Сквозь черный порошок пробиваются пузырьки закипающей воды. «Как они там реагируют?» — гадает Лукас. Если они думали, что живут в уютном маленьком царстве, полном кристаллов сахарозы и свободном от хищников, то они ошибались. После внезапного переноса в Антарктику, где они сейчас пребывают в отчаянии, они наверняка заключили, что прерванный банкет был всего лишь ловушкой, и теперь их Вселенная расширилась, принимая в себя Высшую Силу.

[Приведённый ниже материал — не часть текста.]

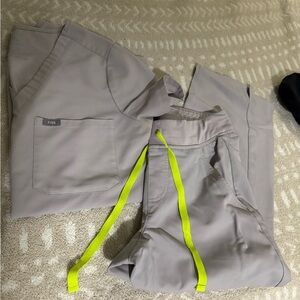 FIGS Bundle, slate/mustard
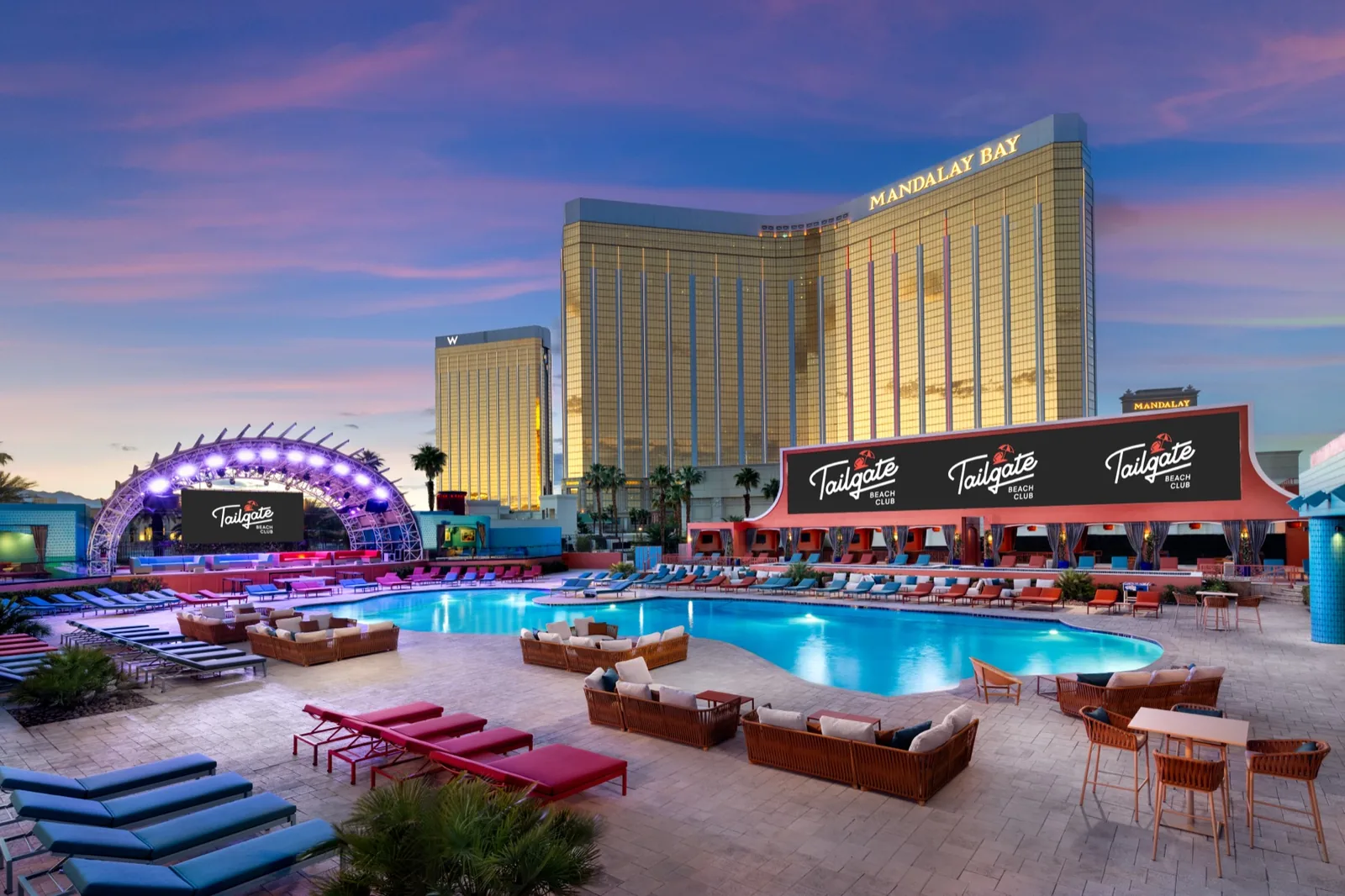 Tailgate Beach Club at Mandalay Bay - beach club 2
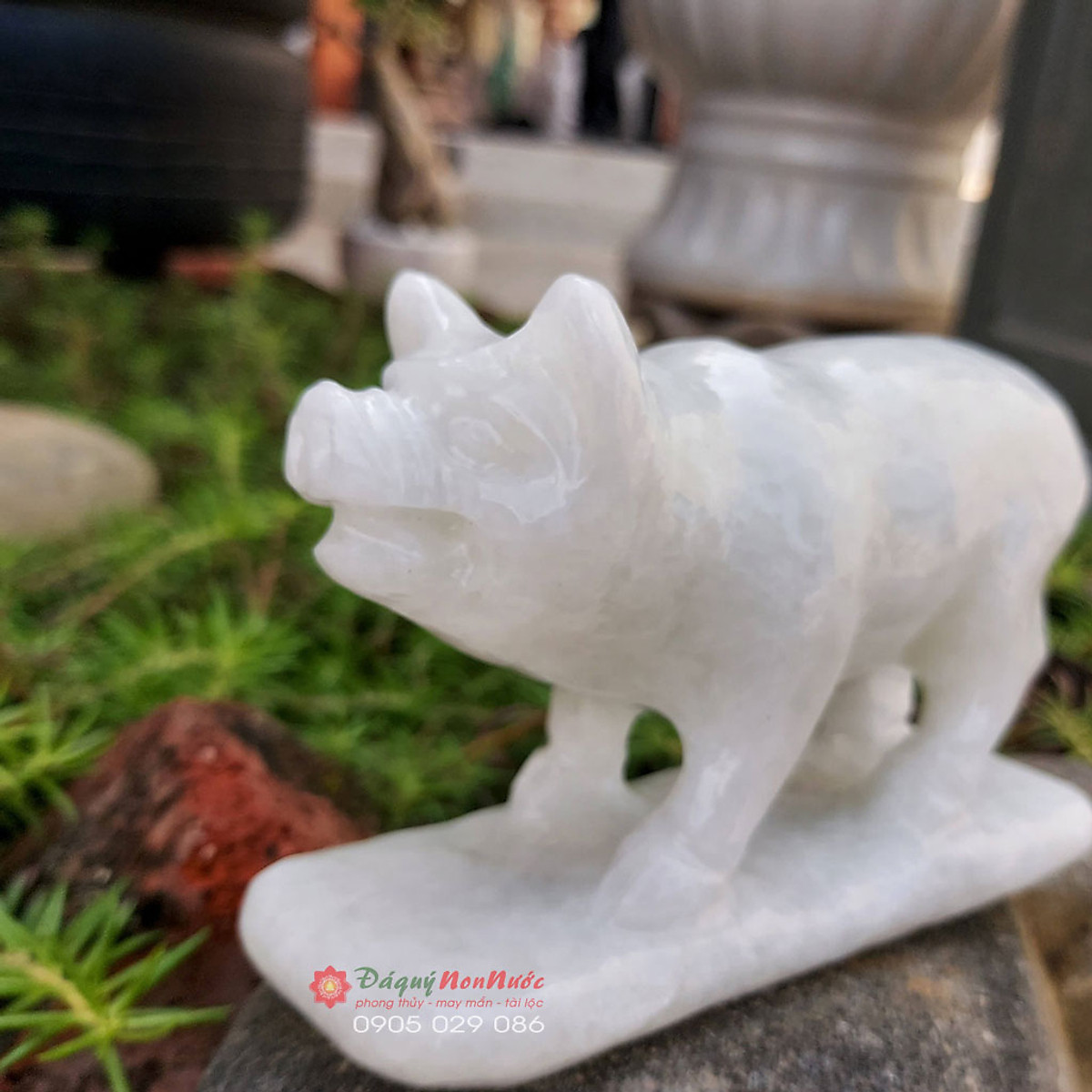 Tượng đá heo 12 con giáp phong thủy đá trắng 10cm đá Non Nước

Насвистывая, Лукас переливает кофе в термос и представляет выражение лиц (сейчас подсчитаю) миллиарда восьмисот миллионов иштарианцев в один прекрасный день, когда на их мысленной панели управления график покорения землян отклонится, а ранее прирученная кривая резко поползет вверх в незапланированную область, и они поймут, что родился землянин, отличающийся от других, и с течением времени это отклонение обернется землетрясением, после чего иштарианцы (которые, кстати, суть паразиты сознания, обитающие в телах людей) на каждой улице каждой страны мертвенно побледнеют и станут переглядываться, соглашаясь: «Да, но кто он? И где он?»
Нет, успокойся и притормози, решает Лукас, тут ты перебрал мессианства.
Пока он затыкает термос пробкой, его энтузиазм быстро слабеет. Человек, в одиночку спасающий всю планету? Ну нет, с нас уже достаточно супергероев. Лучше, если появится много изменившихся землян; множество разумов-мстителей, возникших одновременно. Возможно, неизбежная мутация, побочный эффект бури психостатики, вызванной хищными действиями иштарианских разумов. Эти новорожденные земляне могут стать антиразумами пси-мира, подобно тому, как в мире бактерий существуют антитела. Почему бы и нет? Правда, аналогия поверхностная, но аналогиям и положено быть поверхностными, они вовсе не обязаны совпадать до мельчайших деталей. Аналогия, возбужденно думает Лукас, служит лишь для того, чтобы открыть новую группу фактических или указывающих ссылок, она нечто вроде многогранной идеограммы, подпитывающей нас подсказками о том, что мы пытаемся сказать. Всегда можно пустить новый поезд по старым рельсам. Новизна питает кислородом память, и наоборот. И зрелище безжалостной битвы, представленной в виде поиска космического равновесия, может стать чем-то бодрящим для тех, кто обычно пользуется штампованными понятиями вроде «плохих и хороших парней».